Un mois aura certes été trop court au parfois contesté Comité Nobel de la Paix pour primer l’effort des nouveaux émissaires réunis dans sa ville. Le symbole est là, mais ne promet rien. Depuis le 18 octobre 2012, les deux principaux acteurs de l’un des plus vieux conflits armés de la planète ont choisi Oslo pour un premier tour de négociations, appelées à se poursuivre à La Havane à compter du 15 novembre.

Ces pourparlers pourraient bien être ceux de la dernière chance pour une Colombie minée par plus d’un demi-siècle d’affrontements dont le sens échappe désormais à une large frange de sa population, devenue urbaine à 80 % et trop souvent sourde au “tonnerre lointain”. Le temps joue contre la paix ? Les mémoires s’étiolent peut-être mais le traumatisme demeure.

En cinquante ans, le conflit a tué 600 000 personnes (plus de la moitié de ces victimes attribuables à l’armée, aux paramilitaires et groupes criminels liés au narcotrafic), causé au moins 15 000 disparitions, et chassé de leurs terres plus de trois millions de citoyens des campagnes. Tout autant que le bilan, les cinq points de discussions prévus à l’agenda des négociateurs du gouvernement et de la guérilla des Forces armées révolutionnaires de Colombie (FARC) décrivent des enjeux qui vont parfois au-delà du conflit lui-même : droit des victimes, développement agraire, participation politique, mais aussi désarmement et narcotrafic.

Prisonnier des FARC du 28 avril au 30 mai derniers, après dix ans d’observation suivie du terrain colombien, Roméo Langlois se trouvait à Oslo pour la session inaugurale des négociations. Contre les apparences, il estime le moment politique favorable à leur tenue, et peut-être à leur succès. “Certes, aucun cessez-le-feu n’a été décrété en préalable des discussions.

Les FARC le réclamaient et le gouvernement l’a rejeté, sans doute pour ménager son armée ainsi que l’opinion publique colombienne des villes, souvent conservatrice et à distance du ‘vieux’ conflit armé”, reconnaît-il. “Ceci posé, la négociation est possible sans cessez-le-feu. Ce qui, à mon sens, l’encourage, c’est que l’État a reconnu une part de ses responsabilités dans le conflit et qu’il a notamment fait adopter, en 2011, la loi sur les victimes et la restitution des terres , laquelle permettrait d’indemniser un certain nombre de familles dépossédées et déplacées au cours des années de combat.”

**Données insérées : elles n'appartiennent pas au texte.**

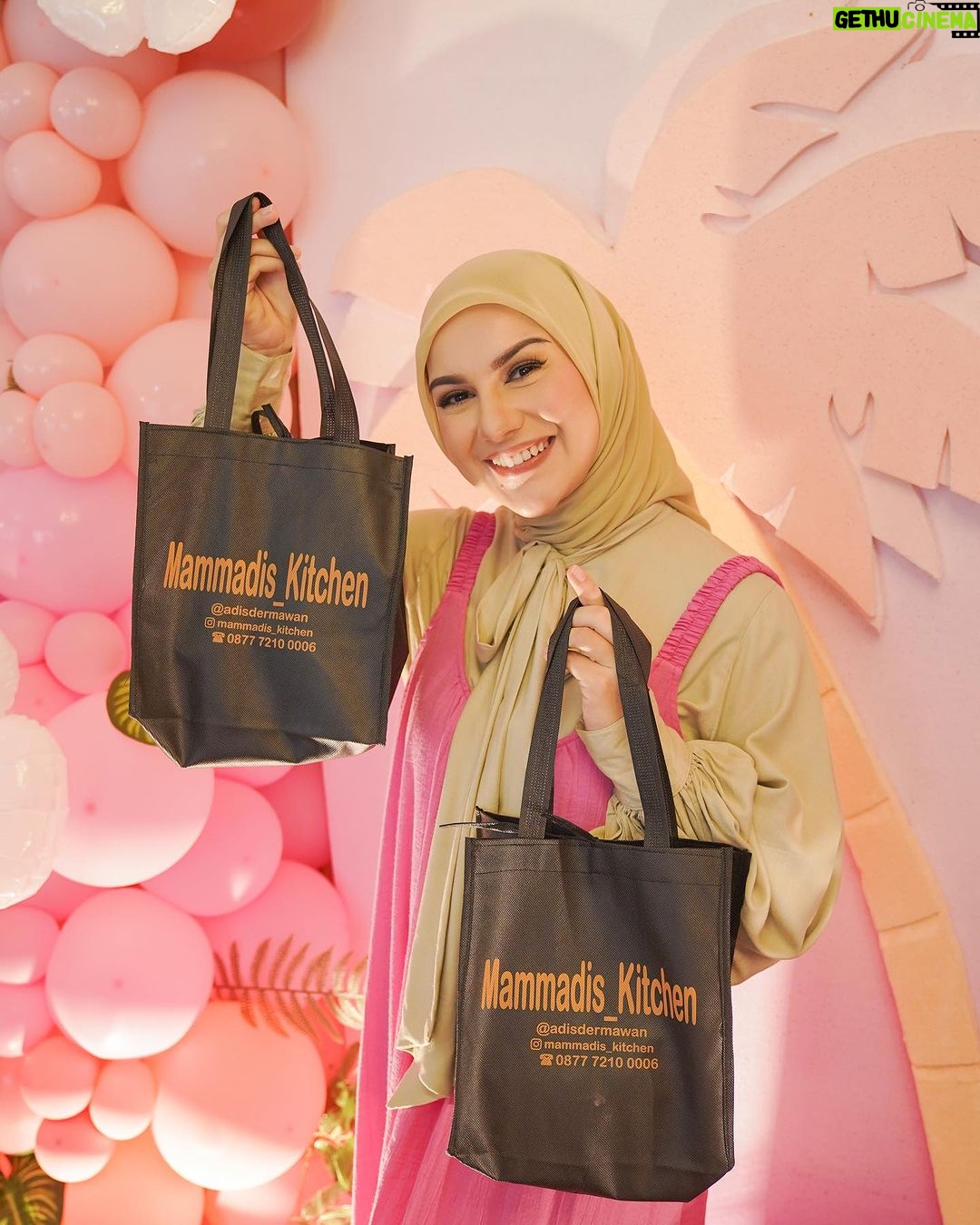 Irish Bella Instagram - Alhamdulillah, sederhana dan bermakna dalam acara syukuran satu tahun Amala. Semoga Amala menjadi anak perempuan yang soleha dan berbakti ke orang tua. Terima kasih untuk keluarga, teman-teman yang sudah datang dengan doa-doa dan harapan baik untuk Amala. Terima kasih juga untuk semua vendor yang sudah memberikan dukungan π€ Thanks too : Dekorasi : @thedesserttable.id Hampers : @mydreamgoodies Mochi : @pipikupenuh Ice cream : @paletaswey Bakso : @baksokokogepeng Tumpeng : @tumpengmini Teppanyaki : @Teppanlah Puding : @bukopandanbuna Cake : @lafarinepatisserie Snack Hampers : @mammadis_kitchen Dessert : @halla_kitchen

Le journaliste pointe également des gages donnés du côté des FARC, et d’abord leur renoncement officiel à tout enlèvement de civils, formulé le 26 février 2012. “Les chefs de la guérilla savent, sans le dire, que leur troupe est affaiblie [elle est passée au cours de la décennie 2000 de 20 000 à 9 000 individus – ndlr] et que la guerre ne pourra pas durer éternellement.

Au menu des cinq points d’accord à trouver, la participation politique, c’est-à-dire l’entrée en politique des FARC par la voie légale fournirait une garantie importante et nécessaire.” Mais pas forcément suffisante, quand on se souvient que faute de cadre de réinsertion, quelque 8 000 des 30 000 paramilitaires ont repris les armes à l’issue de leur très officielle “démobilisation”, conduite entre 2003 et 2006 sous la présidence d’Alvaro Uribe. “La participation politique ne peut aller sans un processus de réintégration à la société de la base de la guérilla”, estime Roméo Langlois.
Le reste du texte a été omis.